Através da religião, os italianos exerceram grande influência na cultura rio-grandense. As comunidades católicas eram centro de encontros. Havia a igreja, a reza do terço, e a capelinha que passava de casa em casa, fatos que facilitaram muitos casamentos.

Herdeira desta cultura e tataraneta de imigrantes, escrevi um romance que se intitula A Espiral de Gerações. É a história do personagem Johann, que inicia antes mesmo de embarcar no Porto de Gênova, na Itália. Depois, relato com minúcias fatos ocorridos durante a viagem e a vida construída no município de Bento Gonçalves, na Serra gaúcha. A chegada à Colônia Dona Izabel ocorreu no ano de 1887, quando poucas eram as moradas.
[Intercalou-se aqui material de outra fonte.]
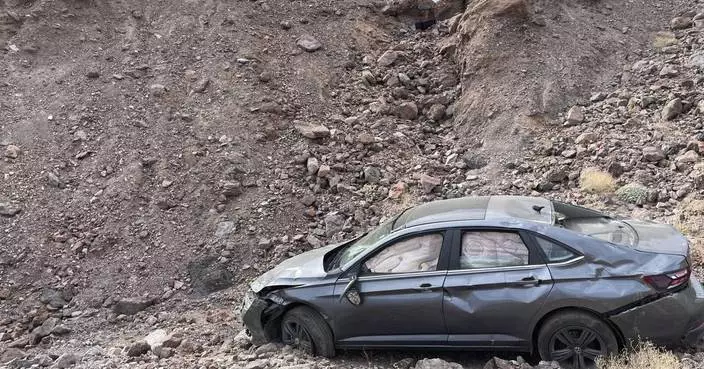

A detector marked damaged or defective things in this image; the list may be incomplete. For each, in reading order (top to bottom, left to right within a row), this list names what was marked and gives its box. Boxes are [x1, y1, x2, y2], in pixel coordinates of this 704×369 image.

crashed sedan [242, 194, 704, 366]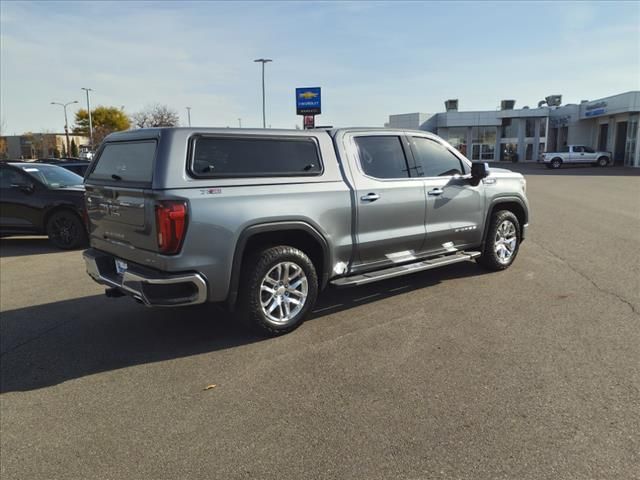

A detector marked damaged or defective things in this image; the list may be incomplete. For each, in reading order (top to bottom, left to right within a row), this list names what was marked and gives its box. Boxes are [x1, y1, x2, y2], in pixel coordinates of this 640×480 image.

parking lot crack [528, 238, 640, 316]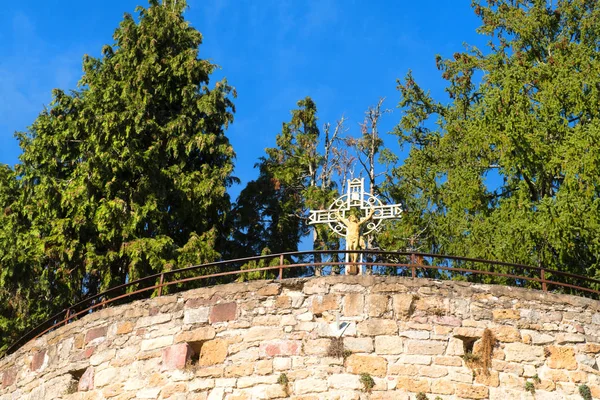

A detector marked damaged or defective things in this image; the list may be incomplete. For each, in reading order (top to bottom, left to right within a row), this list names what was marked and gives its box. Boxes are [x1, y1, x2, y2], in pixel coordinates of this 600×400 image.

rusty metal railing [2, 252, 596, 358]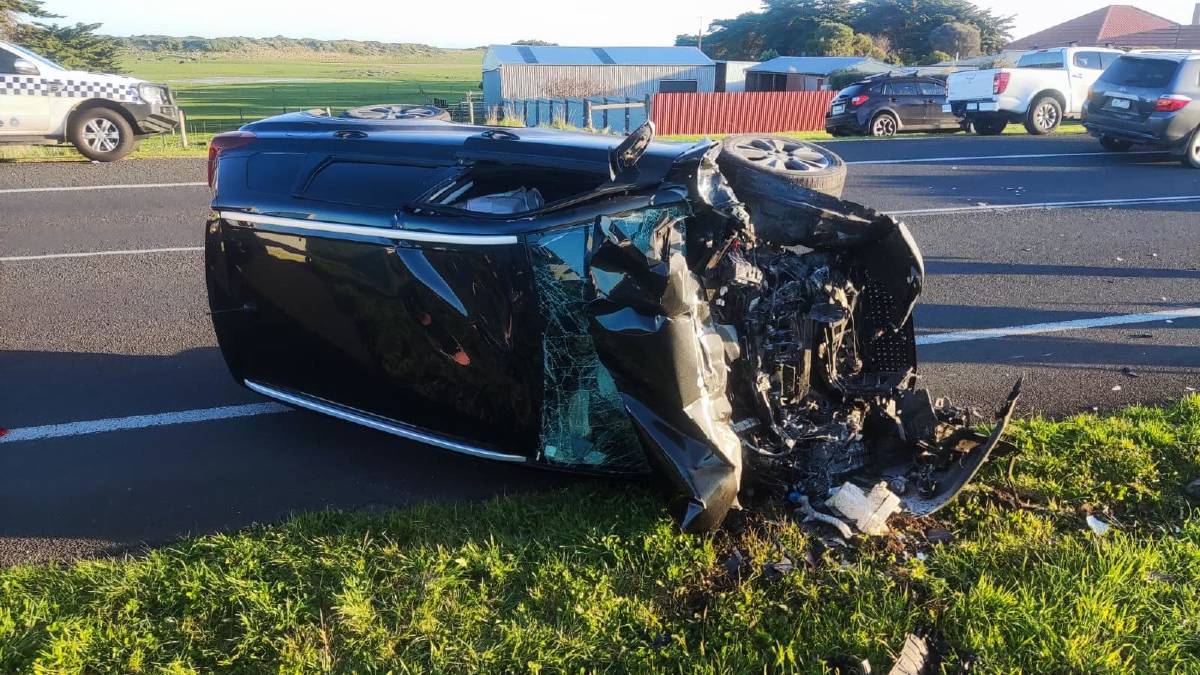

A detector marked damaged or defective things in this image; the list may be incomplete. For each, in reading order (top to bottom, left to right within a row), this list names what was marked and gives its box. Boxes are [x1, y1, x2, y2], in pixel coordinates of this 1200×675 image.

detached wheel [68, 108, 135, 162]
detached wheel [340, 105, 452, 122]
detached wheel [716, 134, 848, 198]
detached wheel [716, 134, 848, 246]
detached wheel [868, 112, 896, 137]
detached wheel [1020, 96, 1056, 135]
detached wheel [1184, 127, 1200, 170]
overturned black car [204, 109, 1012, 532]
crumpled front end [584, 139, 1016, 532]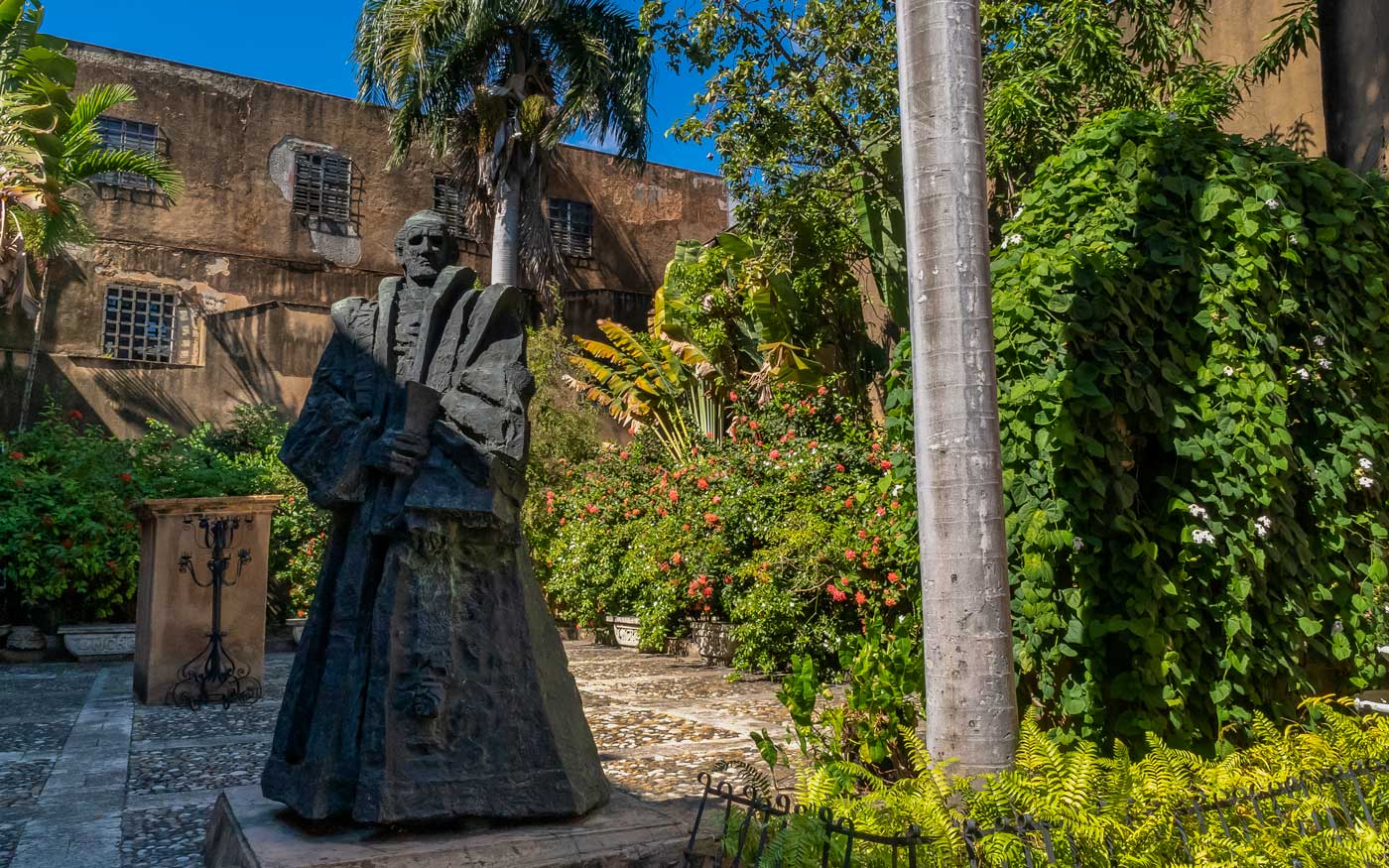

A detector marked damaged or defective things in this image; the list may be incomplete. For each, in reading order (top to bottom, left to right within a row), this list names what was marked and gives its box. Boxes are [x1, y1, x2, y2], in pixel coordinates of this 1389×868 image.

peeling plaster wall [0, 41, 733, 433]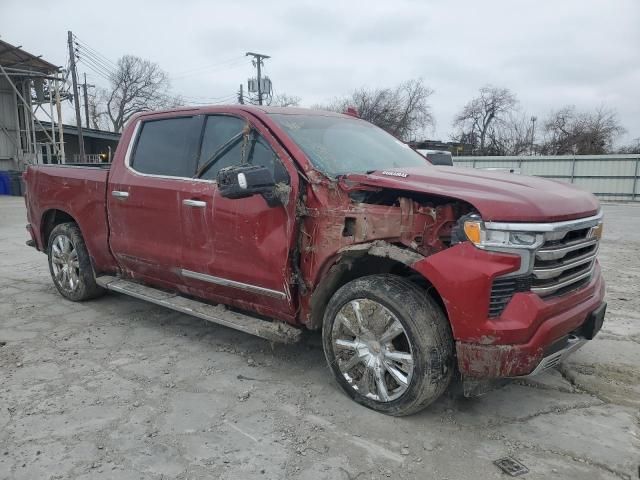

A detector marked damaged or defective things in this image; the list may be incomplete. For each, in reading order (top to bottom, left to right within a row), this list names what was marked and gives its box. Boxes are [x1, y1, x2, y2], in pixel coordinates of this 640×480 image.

Os capítulos são curtos e intensos, entrelaçando mundos oníricos, reais e ficcionais que conservam memórias e segredos permeados em gerações. O cachorro "guardião" e o alazão foram companheiros de percurso, bem como o pinhão, que mantinha o personagem vivo. A criatividade acompanha Johann ao cruzar o continente, as costuras, os consertos e a fabricação de utensílios domésticos, lhe possibilitaram a subsistência. As chagas nas mãos e nos pés denotavam a própria essência da liberdade. Através do trabalho com o arado, a construção de taipas de pedras e o cuidado com as videiras, foi-lhe garantida a sobrevivência. No Rio Grande do Sul, Johann constrói sua identidade, uma família e o seu destino.